UMA PAIXÃO SIMPLES


 Autora: Annie Ernaux

Há quem goste de livros curtos. Há quem goste de livros longos. Na minha opinião um livro deve ser tão curto quanto possível: o mínimo necessário para produzir o efeito desejado, para comunicar o pretendido. Há livros cuja extensão está inextricavelmente ligada à mensagem da obra. A recherche proustiana talvez não pudesse ser mais curta, pois embora cada parágrafo e cada frase pareça conter a forma do próprio tempo, todas as 3000 e tal páginas que o autor escreveu no quarto isolado com cortiça do Boulevard Haussmann conferem-lhe uma monumentalidade que não poderia ser obtida de outra forma. O mesmo se pode dizer d’Os Irmãos Karamazov. Mas de forma inversa também se poderá argumentar que A Metamorfose de Kafka não precisa de nem mais uma linha; A Biblioteca de Babel, de Jorge Luís Borges, não precisa mais do que duas páginas. Uma paixão simples, de Annie Ernaux, é tão concisa quanto possível e também não precisa de mais.

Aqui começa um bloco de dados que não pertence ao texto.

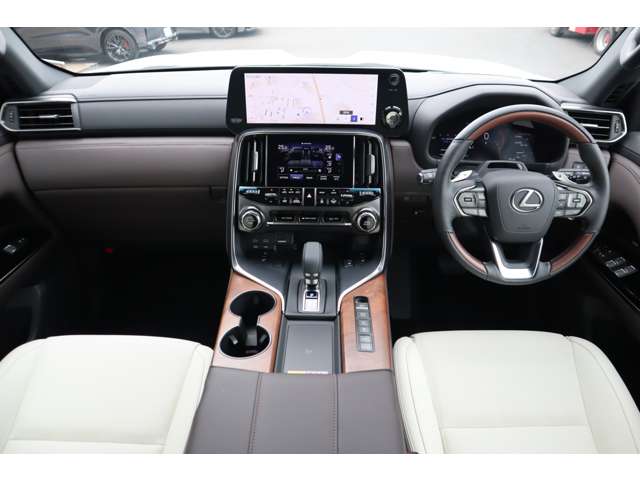 Lexus LX 8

Na minha opinião, o livro pode ser lido segundo o seguinte triângulo: o título, “Uma paixão simples”, enuncia o carácter ordinário e universal do que se seguirá – uma paixão como tantas outras; o miolo do livro, por contraponto, predispõe-se logo desde início a chocar ou a provocar o leitor, não tanto pelo conteúdo, mas pelo tom aberto, substantivo e sobretudo isento de julgamento, com que a narradora descreve a sua paixão sensual por um homem casado, cheia de esperas mendicantes, pensamentos obsessivos, comportamentos grosso modo irracionais – ao fim e ao cabo, uma paixão simples, como tantas outras; e a reconciliação final, sem amargura, com gratidão até, em que se reconhece a paixão como o maior dos luxos.

“Este verão vi pela primeira vez um filme pornográfico no Canal+”, diz-nos a narradora logo a abrir, seguindo-se a descrição do ato sexual aí observado. Termina o capítulo com uma advertência para com o seu objetivo declarado: que a escrita deveria tender para isto: para a crueza (provocando talvez espanto ou perturbação) de um filme pornográfico, sem qualquer juízo moral.

Logo de seguida, mais uma afirmação perturbante: “A partir de setembro do ano passado, não fiz mais do que esperar um homem: esperar que ele me telefonasse e viesse a minha casa”. Na designação “um homem” percebe-se a pouca importância da individualidade desse homem, de quem sabemos o mínimo, isto apesar de lhe estar completamente subordinada. Apaixonou-se por aquele homem, mas talvez pudesse ter sido um outro, já que grande parte da relação era interior: “Tinha o privilégio de viver, desde o princípio, constantemente, e em plena consciência, aquilo que acabamos por descobrir sempre, com grande espanto e decepção: que o homem que amamos é um estranho”. Trata-se, afinal, de uma descoberta interior – mais de que uma comunhão.

Em nenhum momento a narradora nos diz “ai que estupida que fui”, “ai que arrependida que estou de ter agido assim” – nada. Tudo o que temos é uma descrição desapiedada de um comportamento apaixonado, no caso concreto uma paixão desigualmente correspondida, com todos os seus absurdos e indigências, “a realidade mais violenta que se possa conceber, e a menos explicável”. Penso que não há, como tantas vezes, verdadeiro ressentimento; há até alguma gratidão, apesar de toda a dor, pela possibilidade de ter vivido uma paixão assim: “graças a ele, aproximei-me do limite que me separa da alteridade, a ponto de imaginar, por vezes, ter passado para o outro lado. Medi o tempo de outra maneira, com o corpo todo.” O apaixonado vive num estado de exaltação incomparável.

Annie termina com a sentença:

“Quando eu era criança, para mim o luxo eram casacos de pele, vestidos compridos e vivendas à beira-mar. Mais tarde, pensei que fosse ter uma vida intelectual. Agora parece-me também que é poder viver uma paixão por um homem ou por uma mulher.”